Paul was a great player for East Fremantle, with whom he began during a bleak period in 1981 and rose startlingly to play for his state in 1983 almost on his nineteenth birthday, and is also remembered at many junior clubs.

Harding usually played as a ruckman and was a member of the West Australian interstate team which won the national title in the season of his interstate debut. He was recruited from East Fremantle to Hawthorn for the 1987 VFL season but struggled to make the side regularly due to injuries. Alongside Peter Russo and Robert Handley, Harding was traded to St. Kilda in exchange for the first choice in the 1988 VFL Draft. Harding would play 62 games for the Saints over three seasons. He continued to represent Western Australia and in 1991 won a Simpson Medal for his performance against the Victorians.

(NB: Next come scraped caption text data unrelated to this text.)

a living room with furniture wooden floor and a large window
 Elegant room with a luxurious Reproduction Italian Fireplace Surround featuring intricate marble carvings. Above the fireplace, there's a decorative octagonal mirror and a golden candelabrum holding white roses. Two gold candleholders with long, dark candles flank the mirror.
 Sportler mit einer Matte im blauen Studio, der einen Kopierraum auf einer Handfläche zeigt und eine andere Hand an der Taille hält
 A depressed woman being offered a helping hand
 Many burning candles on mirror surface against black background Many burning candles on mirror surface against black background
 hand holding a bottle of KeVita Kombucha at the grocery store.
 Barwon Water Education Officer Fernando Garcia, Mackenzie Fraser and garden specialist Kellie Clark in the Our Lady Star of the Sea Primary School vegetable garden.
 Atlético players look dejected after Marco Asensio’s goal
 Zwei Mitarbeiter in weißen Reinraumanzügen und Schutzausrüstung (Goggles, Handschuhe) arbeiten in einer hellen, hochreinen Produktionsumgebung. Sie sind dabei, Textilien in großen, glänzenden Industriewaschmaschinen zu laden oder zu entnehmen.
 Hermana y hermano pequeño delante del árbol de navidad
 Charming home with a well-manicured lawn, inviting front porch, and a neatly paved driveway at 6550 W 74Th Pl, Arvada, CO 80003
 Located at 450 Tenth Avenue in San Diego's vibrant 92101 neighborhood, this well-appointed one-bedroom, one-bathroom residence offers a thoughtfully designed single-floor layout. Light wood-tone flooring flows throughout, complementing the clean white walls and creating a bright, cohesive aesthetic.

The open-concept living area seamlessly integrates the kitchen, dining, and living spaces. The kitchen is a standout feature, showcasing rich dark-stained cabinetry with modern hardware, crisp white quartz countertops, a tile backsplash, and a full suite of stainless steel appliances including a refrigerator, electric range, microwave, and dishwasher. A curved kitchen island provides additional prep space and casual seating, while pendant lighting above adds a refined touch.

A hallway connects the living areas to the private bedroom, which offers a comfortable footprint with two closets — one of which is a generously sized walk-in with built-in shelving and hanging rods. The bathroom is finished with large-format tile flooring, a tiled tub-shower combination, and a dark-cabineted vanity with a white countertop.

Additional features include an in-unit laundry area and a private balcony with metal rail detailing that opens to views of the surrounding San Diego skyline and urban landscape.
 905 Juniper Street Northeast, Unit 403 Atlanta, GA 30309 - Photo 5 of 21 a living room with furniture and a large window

West Coast acquired the services of Harding in 1992, and he played in their inaugural Grand Final winning side that year. After leaving West Coast, he finished his career at East Fremantle, finishing with 136 premiership games for the club, including premierships in 1985 and 1994, and a total of 252 premiership games in elite Australian rules football.

After retiring as a footballer, he worked at the Fremantle Dockers. When Matthew Pavlich first came to Western Australia, he lived with Paul Harding and his family. Pavlich lived there for a while before buying his own property.

Paul Harding is now a dental technician.